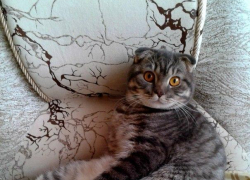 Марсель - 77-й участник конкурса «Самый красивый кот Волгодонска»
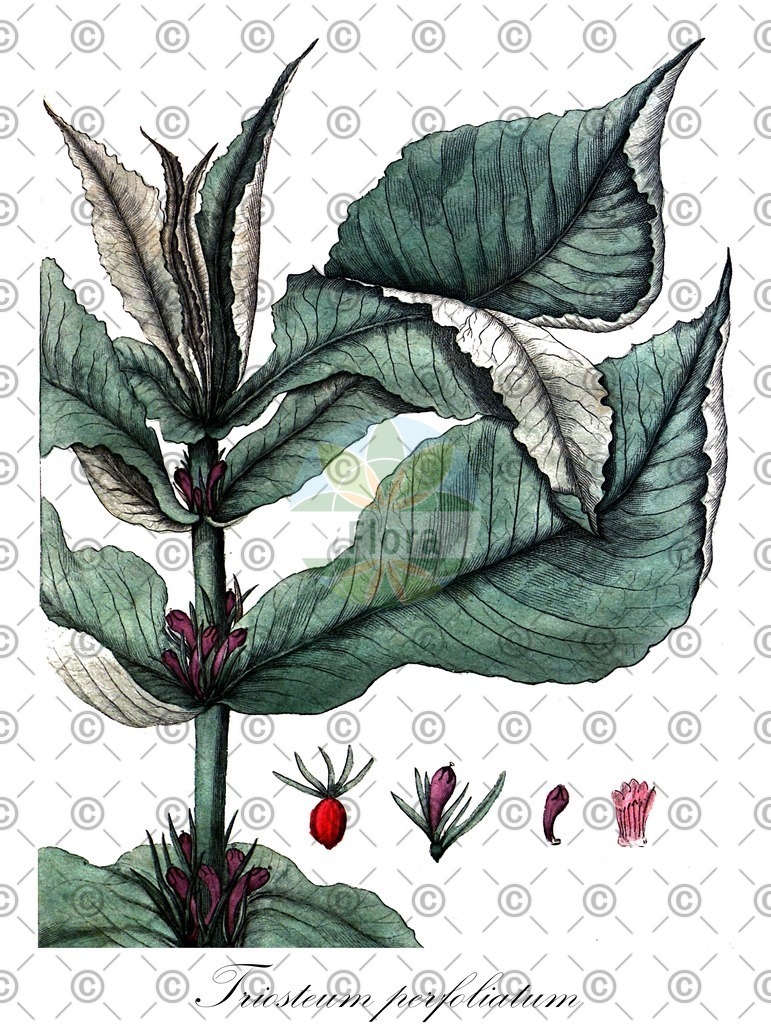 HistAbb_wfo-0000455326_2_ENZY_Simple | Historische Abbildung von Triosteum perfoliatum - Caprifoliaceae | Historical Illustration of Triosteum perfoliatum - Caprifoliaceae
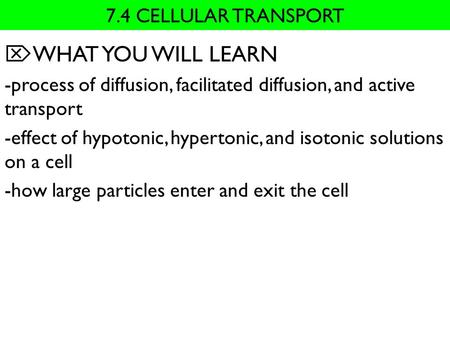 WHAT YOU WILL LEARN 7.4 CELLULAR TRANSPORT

----------

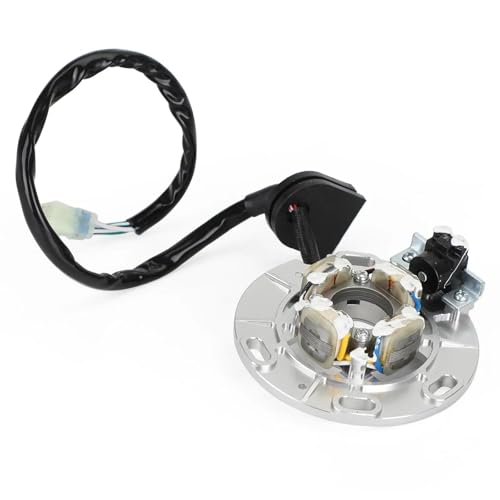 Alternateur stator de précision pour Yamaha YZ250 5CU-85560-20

----------

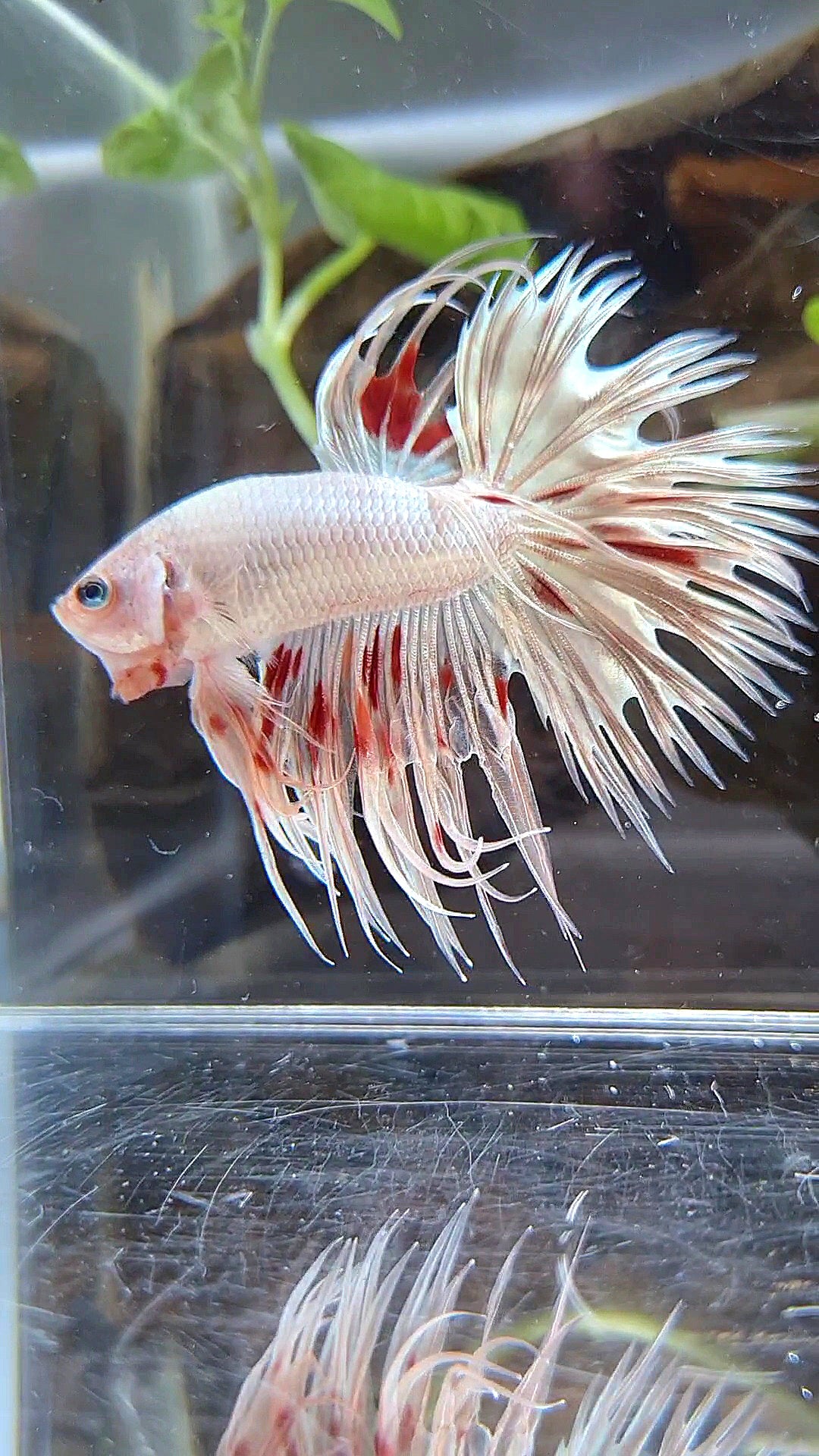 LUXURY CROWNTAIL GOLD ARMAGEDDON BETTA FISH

----------

Task prompt: An exact copy is needed of the stretch above that opens with the line containing "Марсель - 77-й" and closes with the line containing "7.4 CELLULAR TRANSPORT"; the pictures are not part of it.

Exercise result:
 Марсель - 77-й участник конкурса «Самый красивый кот Волгодонска»
 HistAbb_wfo-0000455326_2_ENZY_Simple | Historische Abbildung von Triosteum perfoliatum - Caprifoliaceae | Historical Illustration of Triosteum perfoliatum - Caprifoliaceae
 WHAT YOU WILL LEARN 7.4 CELLULAR TRANSPORT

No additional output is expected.